The result of this system was that, owing to the great scarcity of money in the country at that time among the masses of the people, large blocks of land were purchased by speculators and held by them indefinitely for an excessive profit, and the masses of the people-the settlers, the real home-builders-had to purchase the land from these speculators instead of securing it from the Government. The Government got but scant return for its valuable public land. The chief profit was made by the middle

men, those speculators who bought it up in large blocks; they reaped a rich harvest. But in the midst of this system the settlers pressed on to the frontier. They were without money, but they settled on the public lands, squatted there without authority of law; and finally the Government, to help these settlers, to relieve them and give them a little breathing time, in 1841 passed what was known as the general Preemption Law. Under this law the head of a family, a widow, or a single person over twentyone years of age who was a citizen or had declared his intention to become a citizen of the United States, could secure 160 acres of public land by settling upon, improving and cultivating it, and by paying for and entering the same within from one to three years after settlement, the time of payment in each case depending on whether the land was offered, unoffered, or unsurveyed. This law (the Preemption Act of 1841) was clearly intended to help. the pioneers and the settlers, and it proved of great advantage to them; but owing to the lax procedure that prevailed (under which a man could go on a preemption claim, make a few limited and pro forma improvements, and at the end of six months appear in the land office and prove up and have his final entry made and ultimately get a patent), the Preemption Law itself became a great instrument in the hands of speculators and land grabbers, and in consequence Congress concluded to repeal the law.

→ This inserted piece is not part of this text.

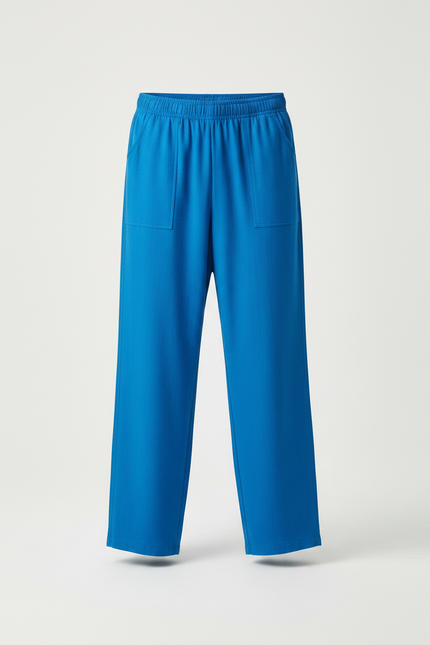 Pantalon Chinois Bleu Ample Lin Confortable Homme - vue 3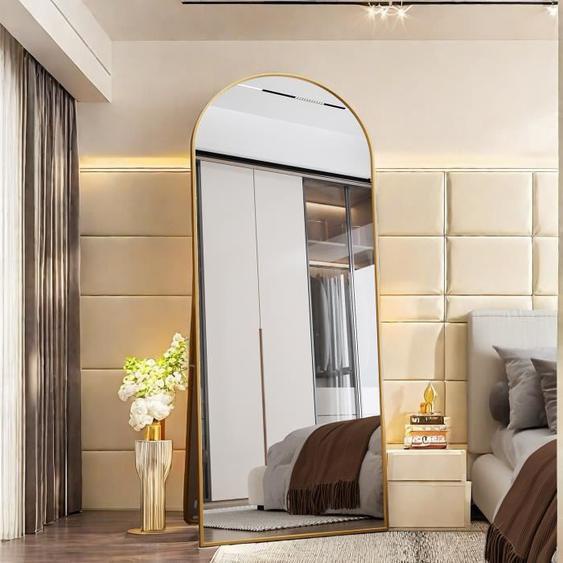 Miroir sur pied - RWUDV - 180x80 cm - Design arqué - Verre incassable - Couleur doré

The law allowing lands to be secured at private entry was repealed in 1889; the law allowing public sales was repealed in 1891, and the Preemption Law was also repealed the same year. These laws were repealed none too soon, because by that time they had got to be the instruments by which those who were seeking valuable coal lands, timber lands, and other lands would hire a lot of people to go and make preemption claims, and then, as soon as they obtained title, secure the title, whereby thousands and thousands of acres of the most valuable timber and mineral lands, coal lands, and other lands passed into the hands of speculators for little more than a dollar and a quarter an acre, and sometimes even less, for there were various kinds of scrip issued-agricultural college scrip and other scrip to which I will call attention later -put on the market and sold. That scrip would be used instead of money in paying for and entering land; and through it much valuable land passed into the hands of speculators at a cost of even less than one dollar an acre. You who have lived here have all observed that the low price at which the lumbermen secured timber in those early days under the Preemption Law, by cash entry, and under agricultural and other scrip, did not help much to get cheaper lumber. The result was to enable owners of large bodies of pine land to hold them indefinitely for the purpose of securing a higher price for their stumpage.